It's awful that he didn't ask for your help earlier. M is still totally messed up, but he does ask for help. It's always too late when he asks for help, but I hope that some day he will ask. L is far too strong willed to ask ever. But then again, she generally has suffered the consequences of her choices, too. She does tend to hold sort of a grudge against me for not helping, but how do you help when they don't ask? I don't know if it's the right answer, but for now, I just wait. Jumping in only makes it worse.

I'm sorry for your pain. It's really awful.
 

rejectedmom

New Member
Suz, I should be used to this by now but every time it happens the people who send him back go on and on about how they are justified in their actions and seem to totally miss the point that he is mentally ill and the behaviors they are taking issue with are due to his illness. Then when I point it out they get huffy and defensive. Each time I come away I feel like I have been misunderstood and brutilized. So if I feel this way I have to ask how does difficult child feel? I mean I know that it is his consequences for his "poor choices" but when he hasn't been able to project or process consequences his entire life and it is well documented and the "pros" in the mental health system still expect him to... well I can see him feeling like he is being treated unfairly. I'm not stinking thinking here, I just sort of feel like I understand his thought process. so each time they loose credibility in his eyes. When he was an adolesent he once broke down and cried because he told me he just didn't "know how to be good". He really tries but people just don't see that and because he is so good at bluffing is very handsome and appears normal they always think he is capable of way more than he is.

EW, When he gets out it will all be on me. There will be no system just me again. It does seem like that is what they have always wanted. It will take me the year to figure out a plan of action. difficult child cannot function without support and now he will not want any system benefits. All he will want is to be free of all of this. Maybe he will continue AA. He was going daily and he was sober. Case worker seemd to resent that he went to that and didn't participate in group. He commited no crimes, just not able to budget his money and did some impulsive spending. He had a couple of temper tantrums where he mouthed off to the staff but didn't get physical or break anything. All the behaviors are consistent with his MH history.

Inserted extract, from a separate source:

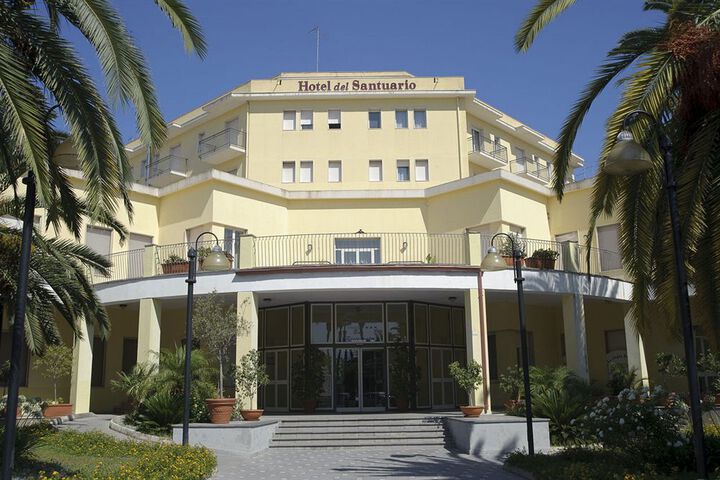 DEL SANTUARIO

Janet I agree that the stories need to be heard but no one listens. I am too tired trying to help him manage his own life to be beating down doors trying to get legislation that will treat mental health patients with more compassion and appropriate means. We need a celebrity personality to advocate for them.

Witz, I hear you and I am sure they are wanting him off their books but they are also thinking that with probation he will never get out of the system. I agree with that. Maxing him out is the only way he will be able to start over fresh.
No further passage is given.